- _ABOUT THIS TASK_
Without any pictures, print the lines below from the one that has "Щука и окунь" through the one that has "China Takeout Fast", exactly and nothing else.

- _PROVIDED MATERIAL_

⟨

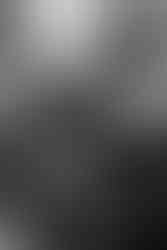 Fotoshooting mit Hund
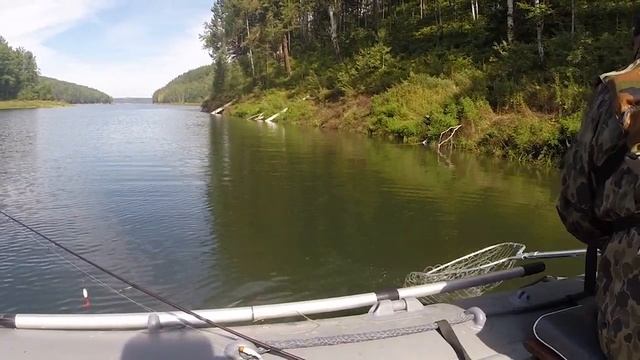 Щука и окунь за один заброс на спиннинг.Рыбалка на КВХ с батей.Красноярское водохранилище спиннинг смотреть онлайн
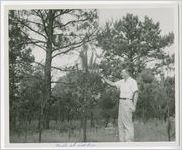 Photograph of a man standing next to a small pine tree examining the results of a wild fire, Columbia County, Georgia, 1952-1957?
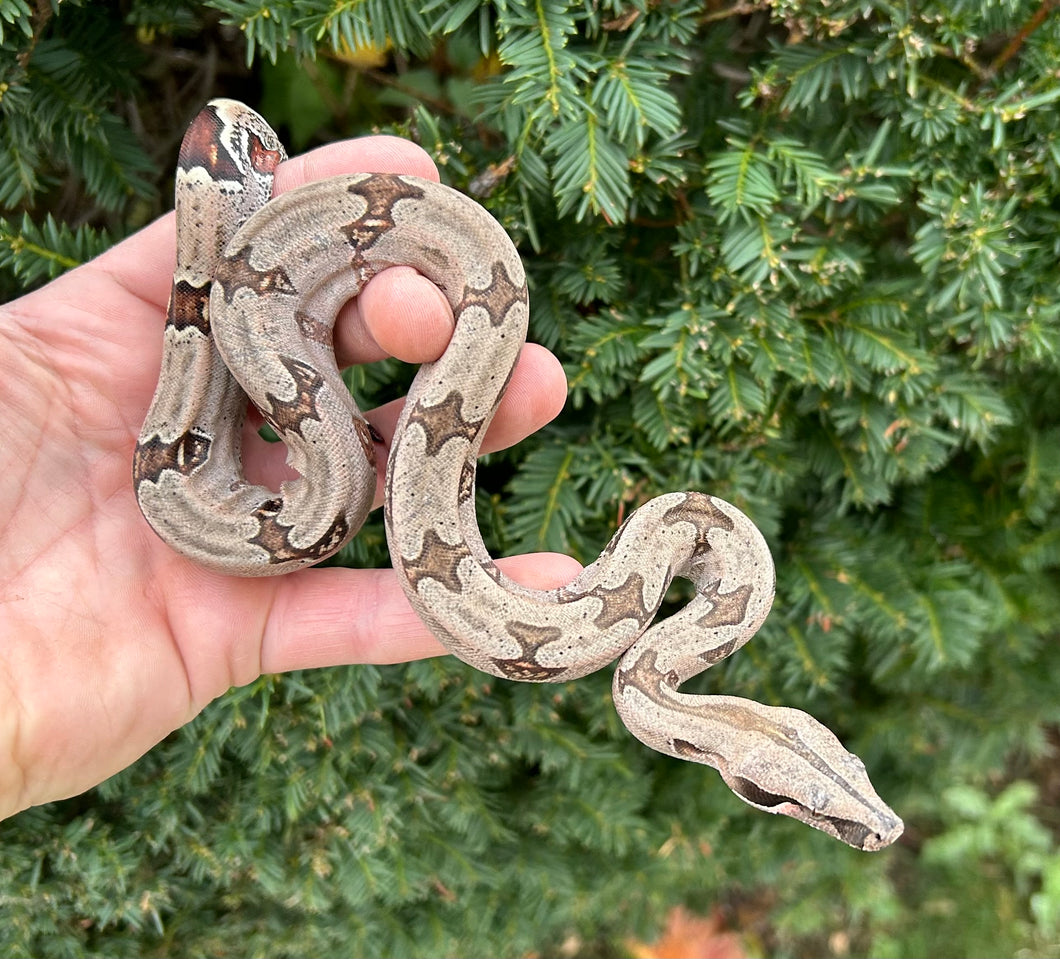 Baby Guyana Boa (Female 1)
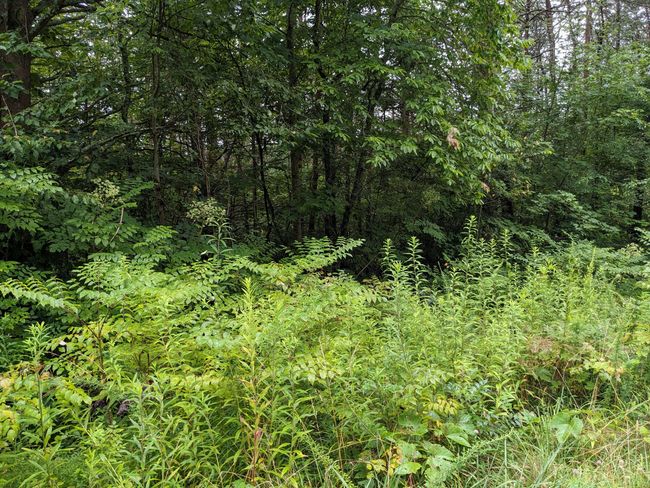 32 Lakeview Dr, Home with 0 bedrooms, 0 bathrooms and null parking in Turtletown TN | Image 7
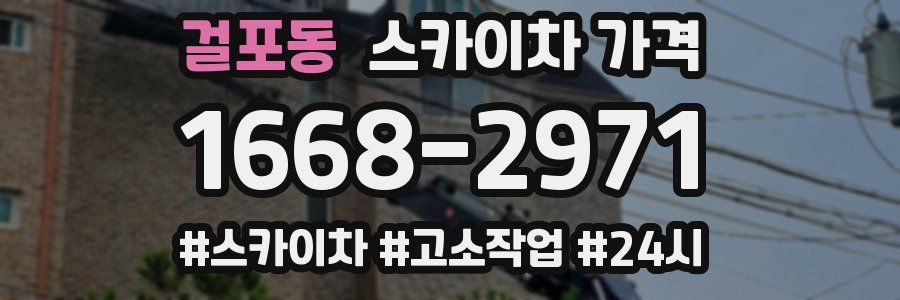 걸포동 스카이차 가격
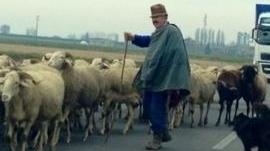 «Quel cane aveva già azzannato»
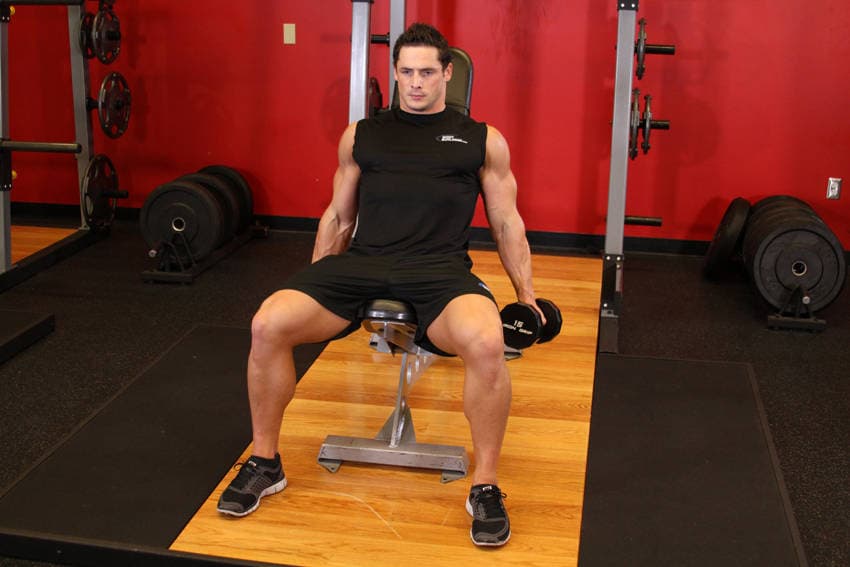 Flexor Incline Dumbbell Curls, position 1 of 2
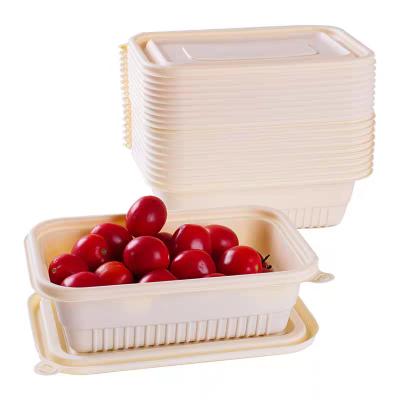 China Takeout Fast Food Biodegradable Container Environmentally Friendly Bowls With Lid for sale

⟩
⟨

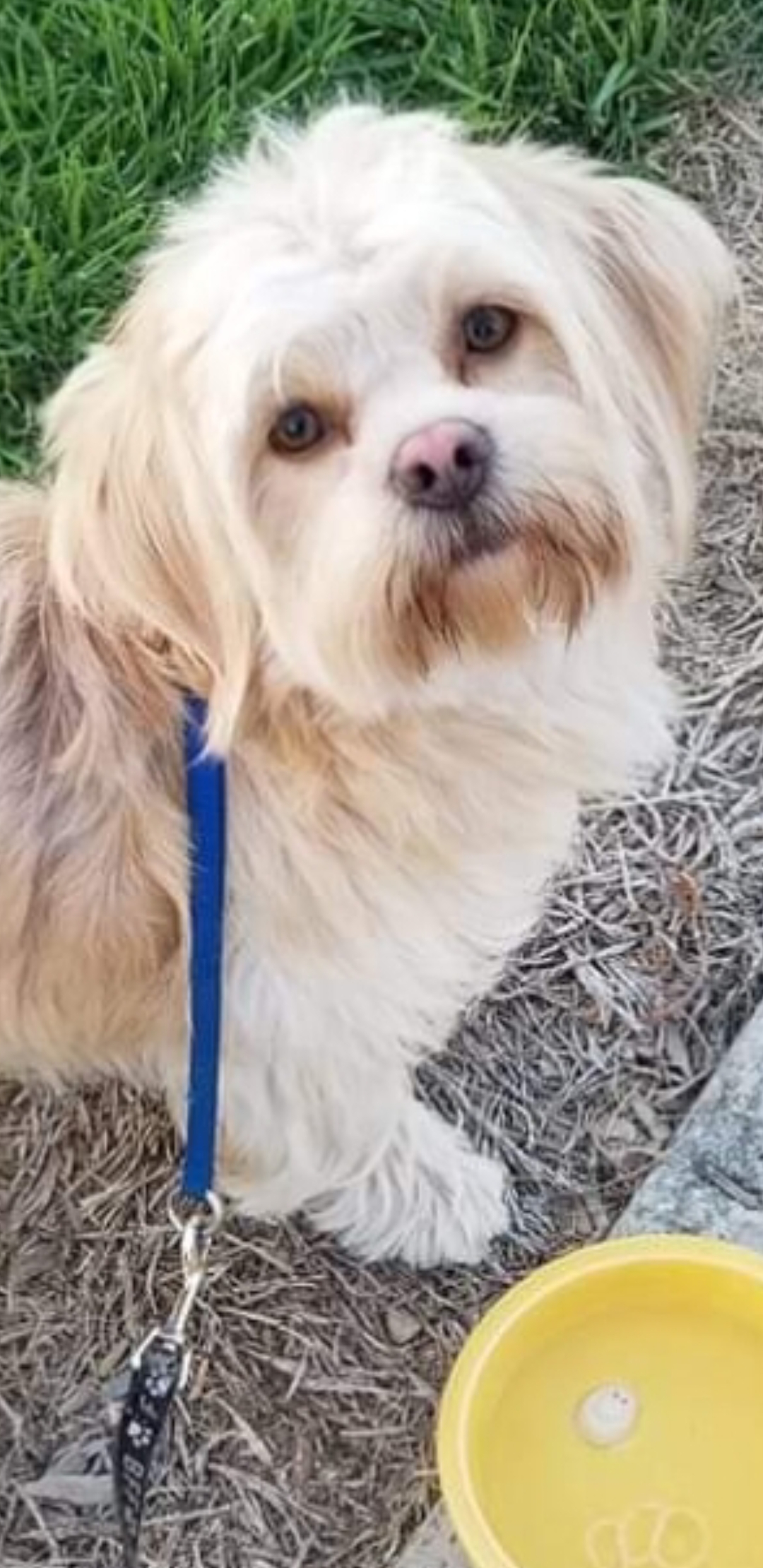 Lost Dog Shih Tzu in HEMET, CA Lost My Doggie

⟩

- _THE ANSWER_
 Щука и окунь за один заброс на спиннинг.Рыбалка на КВХ с батей.Красноярское водохранилище спиннинг смотреть онлайн
 Photograph of a man standing next to a small pine tree examining the results of a wild fire, Columbia County, Georgia, 1952-1957?
 Baby Guyana Boa (Female 1)
 32 Lakeview Dr, Home with 0 bedrooms, 0 bathrooms and null parking in Turtletown TN | Image 7
 걸포동 스카이차 가격
 «Quel cane aveva già azzannato»
 Flexor Incline Dumbbell Curls, position 1 of 2
 China Takeout Fast Food Biodegradable Container Environmentally Friendly Bowls With Lid for sale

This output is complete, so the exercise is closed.